Multiple imputation of missing data in a multilevel setting
Presentation IMPS 2005
Tilburg, 5 July 2005
Gert Jacobusse
|  |
|
I will start by introducing the general idea of multiple imputation. Than I go on
with the simple multilevel model, and extend it towards multivariate missing
values and more complicated models. During the presentation, I will show how
things can be specified in our software tool, the WinMICE program. This is a
successor of the splus application MICE, with an extension to create multiple
imputations under the multilevel model.
|  |
|
Here’s a traditional example of a multilevel model, with children nested within
classes. At the end of the year, students receive their final grade. But for
some reason, we don’t know the final grade of some students.
|  |
|
With multiple imputation, we try to estimate what the final grade of a student would
have been, if it were known. We can’t be sure about the exact final grade,
therefore we estimate a distribution to tell where the final grade
approximately is. With just one imputation for the missing final grade, we
would over-estimate the reliability of our imputed dataset. Therefore, we
create multiple imputations for the missing values. Analysis of the complete
data is done repeatedly, and uncertainty about the real complete data estimates
is taken into account by pooling a set of complete data results on the multiply
imputed datasets.
|  |
|
The distribution that must be estimated to create the multiple imputations, can be
based on different imputation models, dependent on the data type.
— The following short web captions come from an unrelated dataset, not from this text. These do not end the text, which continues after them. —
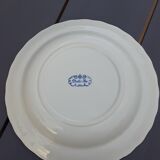 Lot of 12 soup plates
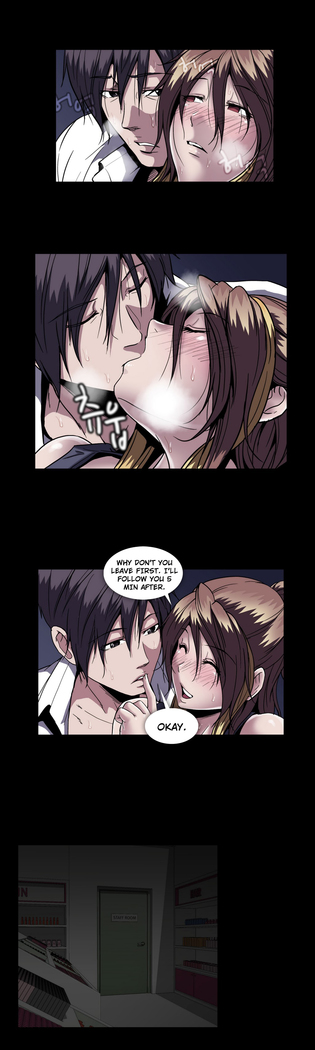 Drug Candy Ch.0-38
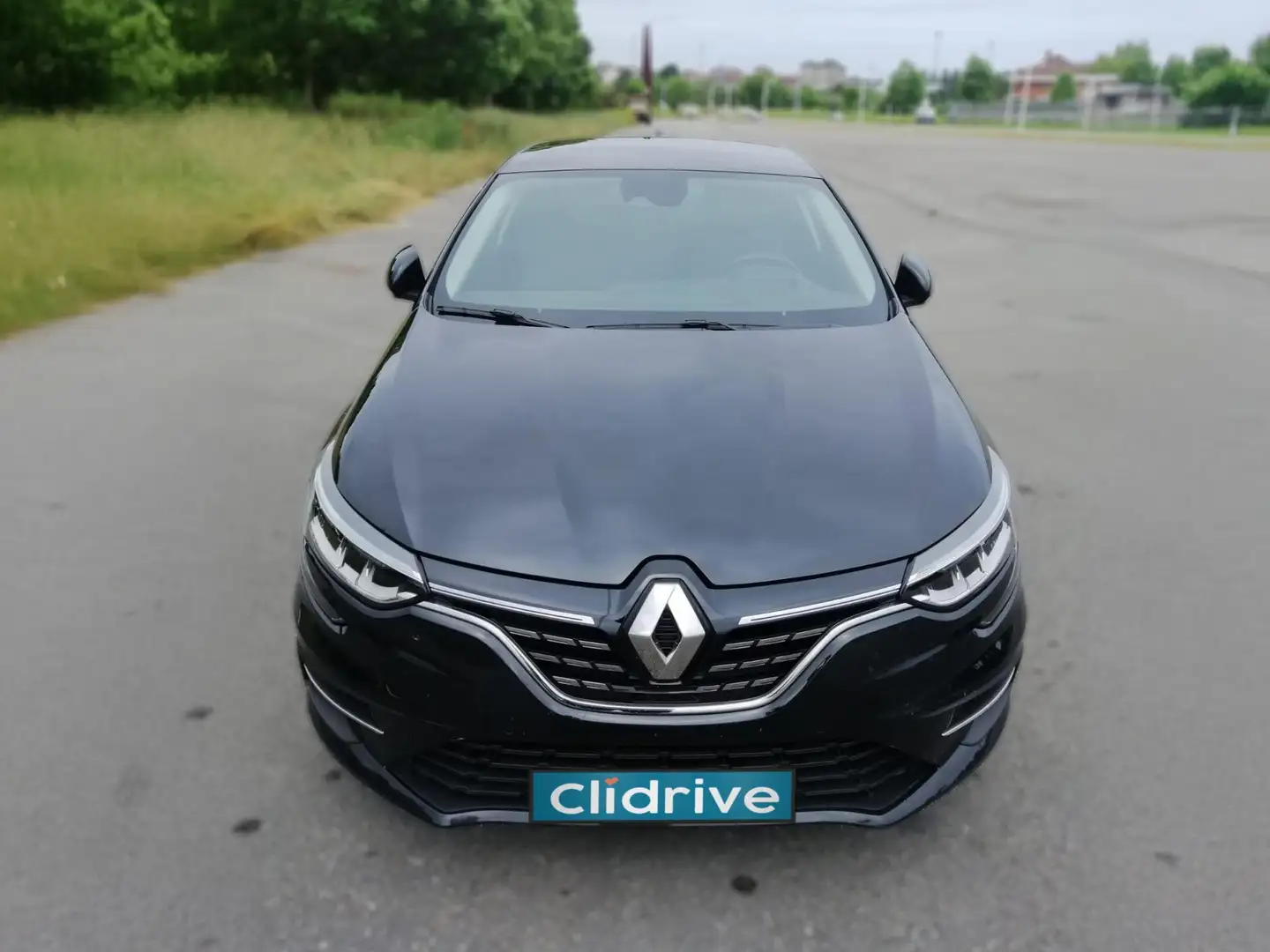 Renault Megane 1.3 TCe GPF Zen Fast Track 103kW Negro - 2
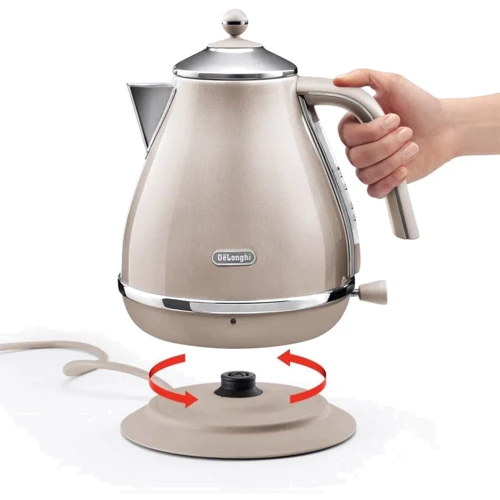 Електрочайник DeLonghi KBOT 2001 BG: Потужність, Вт 2000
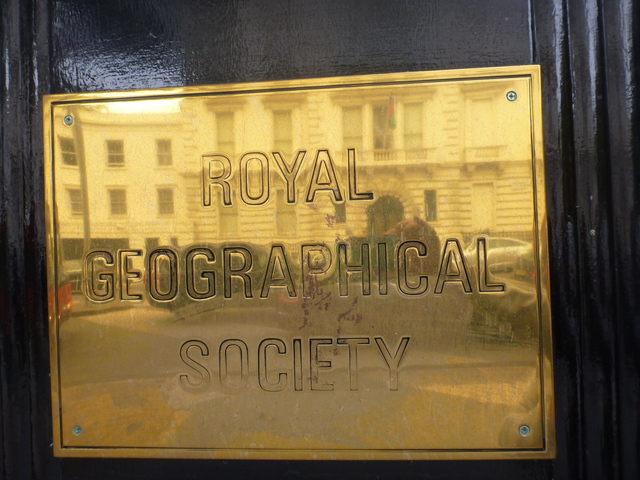 Royal Geographical Societ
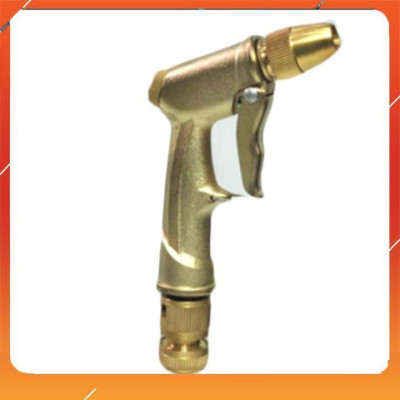 ️Evoucher Bộ dây vòi xịt nước rửa xe, tưới cây , tăng áp 3 lần, loại 7m, 10m 206701-1 đầu đồng, cút đồng, +  mở chai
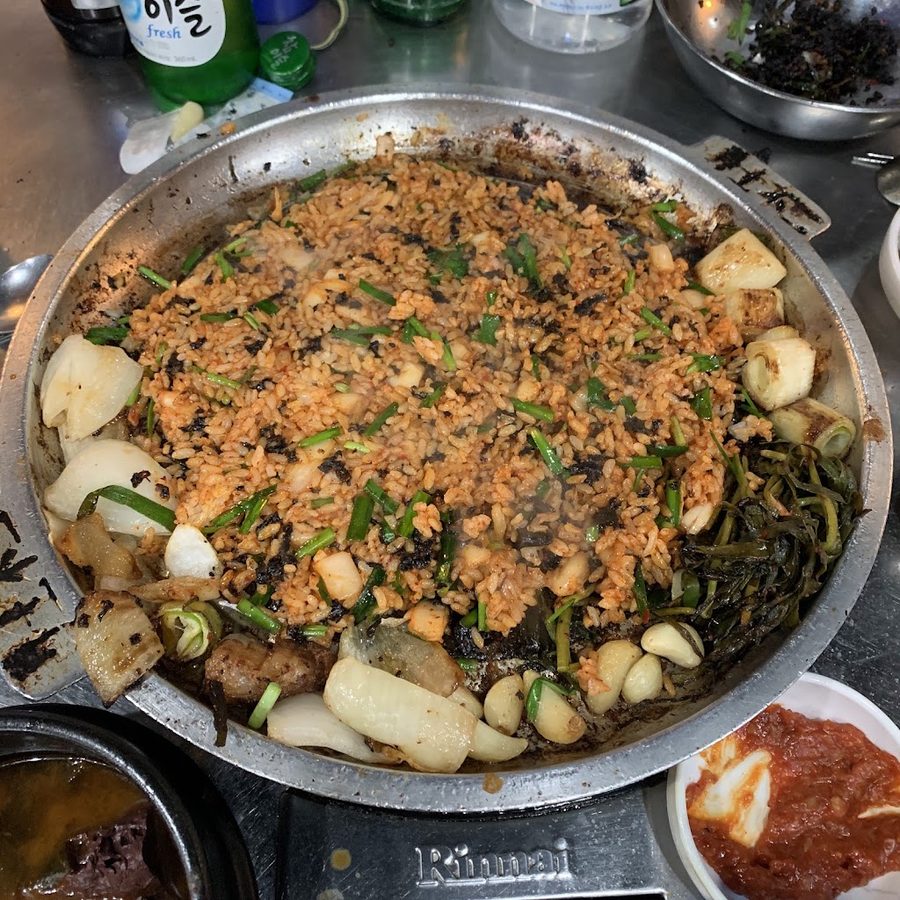 Yetnal Hanwoo Gopchang Jeonmun
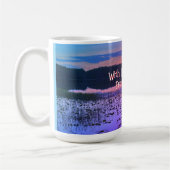 "L'amour de" Mug (Gauche)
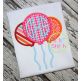 Balloons Trio | Machine Embroidery Designs by JuJu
For numeric data,
we typically use linear regression, while logistic regression can be applied for
binary data.
|  |
|
But sometimes data have a multilevel structure, and then multiple imputation with
these models for independently identically distributed data might go wrong, even
under a simple multilevel model.
|  |
|
The variable final grade is a child level variable, that does vary on the class level,
and therefore has a multilevel structure. The final grade depends on the teaching skills
of the teacher, a class level variable.
|  |
|
Here we see all observed final grades of the 600 children. The difference in mean
between classes can be seen to depend on the teacher skills, on the horizontal axis.
|  |
|
In this model, there are four parameters of interest: on class level the regression
of final grade (or the random intercepts of final grade) on teacher skills; and the
random intercepts variance D0. On child level, the fixed intercept B0 and the child
level variance S.
|  |
|
We created 100 datasets under this model, and created some 40% missing values in each
of the datasets. Than we imputed each of the datasets, based on two different models:
a multilevel imputation model and a simple linear regression model. Finally we analysed
all the completed datasets using standard multilevel software. For each of the 100
datasets, we look at the four parameters as estimated in the multilevel- and the
linear regression imputed datasets. First the fixed intercept B0. This parameter is
unbiased after both imputation methods. Both multilevel and linear regression imputation
succeeded in recovering this parameter in the completed dataset.
|  |
|
The same applies to regression coëfficient B1, the regression parameter for the effect
of teacher skills. At this point you might wonder why the multilevel model would be
necessary to arrive at valid imputations. But remember that the multilevel model is
especially about variance. Parameters may be unbiased in a simple linear regression
approach, but for valid inferences we should also recover the true variance with
multiple imputation.
|  |
|
And that’s where the simple linear regression approach goes wrong. The linear regression
imputations have too much child level variance. The exchangeable model treated all
variance as child level variance, and imputed too much child level variance for the
missing final grades. For regression parameters B0 and B1, this only means a loss in
precision: the confidence interval that is based on the imputed datasets will be too wide.
|  |
|
But something worse has happened for the simple linear regression imputations: class
level variance was not recognized in the linear regression imputation model and is
heavily underestimated in the imputed datasets. The estimated class level variance
is too small in each of the 100 datasets that were imputed using simple linear
regression. Even though variance can never be smaller than zero ánd 60% of the
data still has observed values that do follow the data generation model. The multilevel
imputations, on the other hand, have recovered unbiased estimates all of the four
parameters.
|  |
|
Things become more complicated when we have missing values in more than one variable.
|  |
|
For example, predictors in the imputation model may themselves be incomplete, measurement
levels may be different and the complete data model may not be known in advance.
|  |
|
It’s important to note that there are two different approaches to multiple imputation
when there are missing values in more then one variable. With a full multivariate model,
the whole problem can be solved at once by specifying one multivariate distribution that
describes relations between all variables. With conditional specification on the other
hand, a separate conditional model is specified for each individual variable, like linear
regression for one variable and logistic regression for the other. This seconds approach
splits the specification task into smaller parts. This requires more specification work
and more computer power for computations, but it is also more flexible. In the WinMICE
application, conditional specification is applied.
|  |
|
We now add gender and teacher relation as child level variables to our model,
|  |
|
and create missing values in two variables: 40% in teacher relation and 40% in final grade.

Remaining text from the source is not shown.